Nearly all The Bond Buyer's weekly yield indexes climbed this week, as tax-exempt yields grew weaker in all the week's sessions.

"The calendar is fairly large, demand is soft, and there are just not a lot of people out there clamoring for munis, unfortunately," said Evan Rourke, portfolio manager at MD Sass. "On the supply side, you still have a very large calendar. On the demand side, you don't have any natural source of demand, and the dealer community is getting ready to close up their books for the year. They're not really going to step up, so you have to find some source of demand."

"It's mostly trusts and individuals, and they're not really equipped to absorb a lot of supply quickly," Rourke said. "And you're afraid of some secondary market selling by arb accounts and other leveraged buyers, too."

Following a partial session Friday, municipal yields pushed higher by anywhere from one to three basis points in each of the sessions Monday through Wednesday. On Wednesday, however, the Port Authority of New York and New Jersey pulled a scheduled $300 million offering of taxable notes after it failed to receive any bids.

"It was a little surprising, but not shocking," Rourke said of the Port Authority deal receiving no bids. "It is a taxable deal, and I think that was part of it. There's really not that many large competitive deals being done right now either. Port Authority obviously I consider a very solid credit, but taxable munis fall into a gray area in a lot of places. It's not a big market for anybody. It's easy to see how that could get overlooked."

Yesterday, the municipal market was weaker again.

The Bond Buyer 20-bond index of 20-year general obligation bond yields rose 19 basis points this week to 5.58%, which is the highest since Oct. 16, when it reached an eight-year high of 6.01%.

The 11-bond index of higher-grade 20-year GO yields rose 18 basis points this week to 5.39%, which is the highest since Oct. 16, when it was 5.89%.
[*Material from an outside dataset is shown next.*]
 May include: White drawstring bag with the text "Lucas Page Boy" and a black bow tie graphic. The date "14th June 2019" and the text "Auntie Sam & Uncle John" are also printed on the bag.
The revenue bond index of 30-year revenue bond yields rose 11 basis points this week to 6.17%, which is the highest since Oct. 16, when it reached a 13-year high of 6.48%.

The 10-year Treasury note yield declined 55 basis points to 2.54%, which is the lowest in at least 50 years.

The 30-year Treasury bond yield declined 56 basis points to 3.06%, which is an all-time low.

The 10-year Treasury has fallen 132 basis points in the past three weeks, to 2.54% this week from 3.86% on Nov. 13. At the same time, the 30-year Treasury has dropped 128 basis points, to 3.06% from 4.34% on Nov. 13.

The Bond Buyer one-year note index of one-year GO yields was unchanged this week at 1.20%.

The weekly average yield to maturity on The Bond Buyer 40-bond municipal bond index rose 13 basis points this week to 6.23%, which is the highest weekly average since the week ended Oct. 23, when it was 6.35%.